▶ _Assignment_
Look through the material for lines with the word "Gray", and copy each one.

▶ _Provided records_
%%
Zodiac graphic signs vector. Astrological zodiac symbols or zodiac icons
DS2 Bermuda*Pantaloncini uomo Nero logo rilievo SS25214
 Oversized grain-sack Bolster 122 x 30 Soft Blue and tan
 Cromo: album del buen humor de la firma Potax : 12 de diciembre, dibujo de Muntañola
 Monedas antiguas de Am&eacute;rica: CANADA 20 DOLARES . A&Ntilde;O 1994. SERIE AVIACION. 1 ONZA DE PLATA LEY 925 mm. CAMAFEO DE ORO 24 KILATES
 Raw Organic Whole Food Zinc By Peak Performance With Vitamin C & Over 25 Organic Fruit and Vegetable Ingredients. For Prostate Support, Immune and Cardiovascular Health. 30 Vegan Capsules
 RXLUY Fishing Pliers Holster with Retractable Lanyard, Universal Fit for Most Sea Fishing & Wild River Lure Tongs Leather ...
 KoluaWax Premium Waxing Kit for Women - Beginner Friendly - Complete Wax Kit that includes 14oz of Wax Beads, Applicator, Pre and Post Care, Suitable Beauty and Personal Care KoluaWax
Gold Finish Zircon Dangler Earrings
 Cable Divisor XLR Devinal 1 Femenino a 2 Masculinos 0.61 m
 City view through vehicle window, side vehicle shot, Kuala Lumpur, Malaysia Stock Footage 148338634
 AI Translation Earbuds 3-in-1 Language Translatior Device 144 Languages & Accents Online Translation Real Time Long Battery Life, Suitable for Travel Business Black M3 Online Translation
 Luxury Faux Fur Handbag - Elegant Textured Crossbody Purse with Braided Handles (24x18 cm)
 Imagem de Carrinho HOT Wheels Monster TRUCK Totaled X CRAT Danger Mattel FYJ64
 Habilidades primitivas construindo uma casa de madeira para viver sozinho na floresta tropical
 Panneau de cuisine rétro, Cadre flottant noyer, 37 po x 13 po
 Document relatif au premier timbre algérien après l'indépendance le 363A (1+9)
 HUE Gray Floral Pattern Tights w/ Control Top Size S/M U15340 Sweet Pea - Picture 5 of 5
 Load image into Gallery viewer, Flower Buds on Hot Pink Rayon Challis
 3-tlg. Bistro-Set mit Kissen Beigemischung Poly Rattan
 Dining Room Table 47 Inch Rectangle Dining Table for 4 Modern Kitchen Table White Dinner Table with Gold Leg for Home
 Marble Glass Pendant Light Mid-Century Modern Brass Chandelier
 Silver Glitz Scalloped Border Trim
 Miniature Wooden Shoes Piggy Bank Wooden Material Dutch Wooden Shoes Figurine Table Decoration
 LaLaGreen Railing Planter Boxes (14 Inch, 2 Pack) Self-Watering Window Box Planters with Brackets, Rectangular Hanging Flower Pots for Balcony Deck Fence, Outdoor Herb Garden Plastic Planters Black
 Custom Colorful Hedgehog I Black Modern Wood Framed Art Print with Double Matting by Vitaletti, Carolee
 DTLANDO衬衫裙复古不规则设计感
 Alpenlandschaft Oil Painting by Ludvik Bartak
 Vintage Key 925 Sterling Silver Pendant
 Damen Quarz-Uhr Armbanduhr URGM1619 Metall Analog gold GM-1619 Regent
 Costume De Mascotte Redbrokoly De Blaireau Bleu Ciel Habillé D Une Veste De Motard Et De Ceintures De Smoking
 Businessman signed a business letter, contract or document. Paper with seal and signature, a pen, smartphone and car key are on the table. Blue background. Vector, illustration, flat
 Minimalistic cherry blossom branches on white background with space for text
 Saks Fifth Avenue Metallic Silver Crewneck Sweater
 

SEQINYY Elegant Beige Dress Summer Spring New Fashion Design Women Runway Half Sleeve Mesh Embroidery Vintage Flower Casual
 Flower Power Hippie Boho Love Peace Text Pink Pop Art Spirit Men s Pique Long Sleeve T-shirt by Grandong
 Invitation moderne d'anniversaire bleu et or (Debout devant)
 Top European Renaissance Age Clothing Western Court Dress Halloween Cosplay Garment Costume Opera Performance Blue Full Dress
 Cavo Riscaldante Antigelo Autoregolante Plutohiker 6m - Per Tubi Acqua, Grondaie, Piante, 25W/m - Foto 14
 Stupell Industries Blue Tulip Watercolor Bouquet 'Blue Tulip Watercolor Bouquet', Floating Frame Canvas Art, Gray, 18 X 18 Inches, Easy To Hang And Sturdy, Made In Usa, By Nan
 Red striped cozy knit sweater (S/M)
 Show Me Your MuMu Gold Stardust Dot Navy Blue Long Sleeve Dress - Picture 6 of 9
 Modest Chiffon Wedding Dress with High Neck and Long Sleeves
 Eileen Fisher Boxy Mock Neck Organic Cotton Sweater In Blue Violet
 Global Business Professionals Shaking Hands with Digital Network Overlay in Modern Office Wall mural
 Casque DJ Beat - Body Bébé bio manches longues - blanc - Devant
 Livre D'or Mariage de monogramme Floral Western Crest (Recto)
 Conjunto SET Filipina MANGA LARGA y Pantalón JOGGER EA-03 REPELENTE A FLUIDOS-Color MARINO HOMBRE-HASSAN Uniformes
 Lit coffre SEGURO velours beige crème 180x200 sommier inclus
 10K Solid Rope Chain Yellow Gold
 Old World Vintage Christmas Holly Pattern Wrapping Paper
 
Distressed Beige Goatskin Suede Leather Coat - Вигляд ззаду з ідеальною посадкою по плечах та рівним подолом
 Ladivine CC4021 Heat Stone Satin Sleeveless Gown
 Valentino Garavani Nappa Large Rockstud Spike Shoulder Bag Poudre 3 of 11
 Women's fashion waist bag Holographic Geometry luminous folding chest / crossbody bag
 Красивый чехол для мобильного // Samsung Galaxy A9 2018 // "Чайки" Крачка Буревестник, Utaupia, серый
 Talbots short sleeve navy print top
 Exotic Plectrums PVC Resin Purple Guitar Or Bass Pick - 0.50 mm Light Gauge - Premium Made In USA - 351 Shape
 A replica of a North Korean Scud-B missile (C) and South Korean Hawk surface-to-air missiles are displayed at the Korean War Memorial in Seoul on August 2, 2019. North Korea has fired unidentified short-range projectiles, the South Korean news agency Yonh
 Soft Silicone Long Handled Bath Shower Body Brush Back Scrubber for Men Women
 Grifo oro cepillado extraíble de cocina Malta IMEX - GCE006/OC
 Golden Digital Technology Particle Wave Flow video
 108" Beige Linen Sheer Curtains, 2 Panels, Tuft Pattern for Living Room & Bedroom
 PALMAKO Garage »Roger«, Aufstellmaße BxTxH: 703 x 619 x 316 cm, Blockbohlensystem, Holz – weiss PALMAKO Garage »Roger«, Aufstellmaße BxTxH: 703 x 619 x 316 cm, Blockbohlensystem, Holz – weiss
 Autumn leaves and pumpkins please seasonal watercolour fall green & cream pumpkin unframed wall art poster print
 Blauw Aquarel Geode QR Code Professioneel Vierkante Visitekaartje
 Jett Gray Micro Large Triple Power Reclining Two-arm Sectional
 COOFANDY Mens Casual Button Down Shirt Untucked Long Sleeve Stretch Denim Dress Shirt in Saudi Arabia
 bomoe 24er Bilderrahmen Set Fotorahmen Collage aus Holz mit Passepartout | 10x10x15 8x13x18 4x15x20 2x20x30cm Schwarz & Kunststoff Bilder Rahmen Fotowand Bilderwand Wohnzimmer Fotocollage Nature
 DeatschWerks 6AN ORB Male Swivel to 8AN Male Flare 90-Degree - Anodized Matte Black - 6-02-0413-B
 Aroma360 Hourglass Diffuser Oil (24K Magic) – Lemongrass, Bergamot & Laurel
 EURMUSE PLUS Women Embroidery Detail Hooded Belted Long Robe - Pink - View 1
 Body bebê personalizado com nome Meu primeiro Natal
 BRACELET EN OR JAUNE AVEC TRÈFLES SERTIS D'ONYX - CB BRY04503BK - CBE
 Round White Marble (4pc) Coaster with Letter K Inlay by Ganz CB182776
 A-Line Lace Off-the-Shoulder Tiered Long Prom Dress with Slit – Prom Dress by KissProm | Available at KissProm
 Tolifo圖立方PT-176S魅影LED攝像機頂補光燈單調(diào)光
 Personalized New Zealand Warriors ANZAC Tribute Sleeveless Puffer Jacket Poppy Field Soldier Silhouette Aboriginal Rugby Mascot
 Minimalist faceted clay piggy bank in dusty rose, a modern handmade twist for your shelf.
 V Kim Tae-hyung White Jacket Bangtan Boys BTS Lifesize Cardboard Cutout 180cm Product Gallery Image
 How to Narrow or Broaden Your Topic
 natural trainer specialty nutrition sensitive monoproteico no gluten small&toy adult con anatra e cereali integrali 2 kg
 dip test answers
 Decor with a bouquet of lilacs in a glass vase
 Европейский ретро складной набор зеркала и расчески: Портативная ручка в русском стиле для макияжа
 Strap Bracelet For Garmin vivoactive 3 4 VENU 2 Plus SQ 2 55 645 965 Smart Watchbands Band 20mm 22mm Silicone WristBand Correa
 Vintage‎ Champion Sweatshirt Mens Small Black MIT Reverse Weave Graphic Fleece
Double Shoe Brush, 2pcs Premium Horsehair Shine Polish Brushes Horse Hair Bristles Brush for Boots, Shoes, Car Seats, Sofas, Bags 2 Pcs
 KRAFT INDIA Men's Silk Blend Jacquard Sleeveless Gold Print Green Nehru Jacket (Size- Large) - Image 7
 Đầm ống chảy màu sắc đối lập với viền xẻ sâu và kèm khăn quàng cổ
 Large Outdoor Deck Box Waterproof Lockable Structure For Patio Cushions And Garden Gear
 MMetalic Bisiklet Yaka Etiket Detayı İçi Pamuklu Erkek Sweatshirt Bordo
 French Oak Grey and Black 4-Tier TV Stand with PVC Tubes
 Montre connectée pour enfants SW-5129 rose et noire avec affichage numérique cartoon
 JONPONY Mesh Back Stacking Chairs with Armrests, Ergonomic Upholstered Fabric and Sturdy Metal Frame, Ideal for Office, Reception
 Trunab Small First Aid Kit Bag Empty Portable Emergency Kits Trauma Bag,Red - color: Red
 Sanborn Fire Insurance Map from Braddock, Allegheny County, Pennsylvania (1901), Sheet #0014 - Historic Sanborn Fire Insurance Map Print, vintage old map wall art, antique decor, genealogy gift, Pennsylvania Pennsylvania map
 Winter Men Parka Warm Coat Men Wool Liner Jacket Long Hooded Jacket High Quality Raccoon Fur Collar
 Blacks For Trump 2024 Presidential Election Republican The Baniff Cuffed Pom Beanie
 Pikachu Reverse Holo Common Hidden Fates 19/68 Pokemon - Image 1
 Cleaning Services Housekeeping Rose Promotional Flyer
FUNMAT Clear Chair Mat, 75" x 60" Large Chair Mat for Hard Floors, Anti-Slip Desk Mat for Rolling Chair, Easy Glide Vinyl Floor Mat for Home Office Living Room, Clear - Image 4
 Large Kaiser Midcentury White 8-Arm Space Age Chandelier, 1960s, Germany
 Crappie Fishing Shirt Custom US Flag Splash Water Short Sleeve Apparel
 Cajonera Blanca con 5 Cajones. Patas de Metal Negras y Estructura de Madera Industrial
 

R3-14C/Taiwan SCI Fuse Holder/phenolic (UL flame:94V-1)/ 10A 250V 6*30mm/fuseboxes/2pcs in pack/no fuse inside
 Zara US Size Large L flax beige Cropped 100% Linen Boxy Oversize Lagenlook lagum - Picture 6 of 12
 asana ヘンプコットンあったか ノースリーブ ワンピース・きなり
%%
▶ _Result of this task_
 HUE Gray Floral Pattern Tights w/ Control Top Size S/M U15340 Sweet Pea - Picture 5 of 5
 Stupell Industries Blue Tulip Watercolor Bouquet 'Blue Tulip Watercolor Bouquet', Floating Frame Canvas Art, Gray, 18 X 18 Inches, Easy To Hang And Sturdy, Made In Usa, By Nan
 Jett Gray Micro Large Triple Power Reclining Two-arm Sectional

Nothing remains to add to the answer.